= Tom Tiddler's Ground =

Children's game

Tom Tiddler's ground, also known as Tom Tidler's ground or Tommy Tiddler's ground, is a longstanding children's game. One player, "Tom Tiddler", stands on a heap of stones, gravel, etc. Other players rush onto the heap, crying "Here I am on Tom Tiddler's ground, picking up gold and silver," while Tom tries to capture, or in other versions, expel the invaders. By extension the phrase has come to mean the ground or tenement of a sluggard, or of one easily outwitted; or to mean any place where money is picked up and acquired readily. The essence of the game lives on in more modern versions such as steal the bacon and variants of tag.

==In literature==
"Tom Tiddler's Ground" is the title of an 1861 set of short stories by Charles Dickens, Wilkie Collins, Charles Allston Collins, Amelia Edwards and John Harwood, published in All the Year Round. The phrase "Tom Tiddler's ground" also appears in Dickens's novels Nicholas Nickleby, David Copperfield and Dombey and Son.
M. R. James quotes a passage from this set as the preface for his "Rats" horror short story published in 1931.

Tom Tiddler's Ground is also the title of an 1886 memoir by Florence Marryat.

It is the title of a 1931 poem and it appears in a 1931 anthology of children's poetry edited by Walter de la Mare, who also wrote a short story titled "Miss Duveen".

It's also the title of a 1934 novel by Edward Shanks.

E. F. Benson mentions "Tom Tiddler's ground" in his 1935 novel The Worshipful Lucia.

Nancy Mitford in The Pursuit of Love (1949) writes, "Their life with Uncle Matthew was a sort of perpetual Tom Tiddler's ground."

The phrase is also the name for a piece of waste land in the 1962 children's novel No One Must Know by Barbara Sleigh.

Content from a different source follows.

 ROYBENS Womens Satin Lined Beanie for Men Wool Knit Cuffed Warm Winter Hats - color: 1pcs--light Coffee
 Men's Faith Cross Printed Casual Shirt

The gold and silver coins in chapter 16 of C. S. Forester's Hornblower and the Atropos are said to be on Tom Tiddler's Ground.

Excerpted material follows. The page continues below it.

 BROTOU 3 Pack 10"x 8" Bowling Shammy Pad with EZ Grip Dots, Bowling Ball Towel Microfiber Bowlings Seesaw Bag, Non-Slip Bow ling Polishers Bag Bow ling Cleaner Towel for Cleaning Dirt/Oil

In Agatha Christie's novel, The Mirror Crack'd from Side to Side (1962), William Tiddler, a police sergeant who assists Chief Inspector Craddock, is referred to by colleagues as "Tom Tiddler".

Detective-Sergeant Tiddler grinned appreciatively. His name was not Tom, it was William, but the combination of Tom Tiddler had always been too much for his colleagues.

Author Ursula Orange wrote a novel in 1941 titled "Tom Tiddler’s Ground" and describes Tom Tiddler’s ground as a patch in a person’s life that they are not proud of, keep to themselves, and chase others away.

==Other uses==
"Tom Tiddler's Ground" is a song on the 1970 album Flat Baroque and Berserk by Roy Harper.

The sung phrase "Here I am on Tom Tiddler's ground, picking up gold and silver" also appears in the second story of British supernatural series Sapphire & Steel, sung by character Sapphire (Joanna Lumley) while in a mediumistic trance, and later partially by Steel (David McCallum).

Tom Tiddler's ground is also used in modern English as a euphemism for having an uncertain status, for example, "I asked her why her performance review was late and I could tell she was on Tom Tiddler's ground".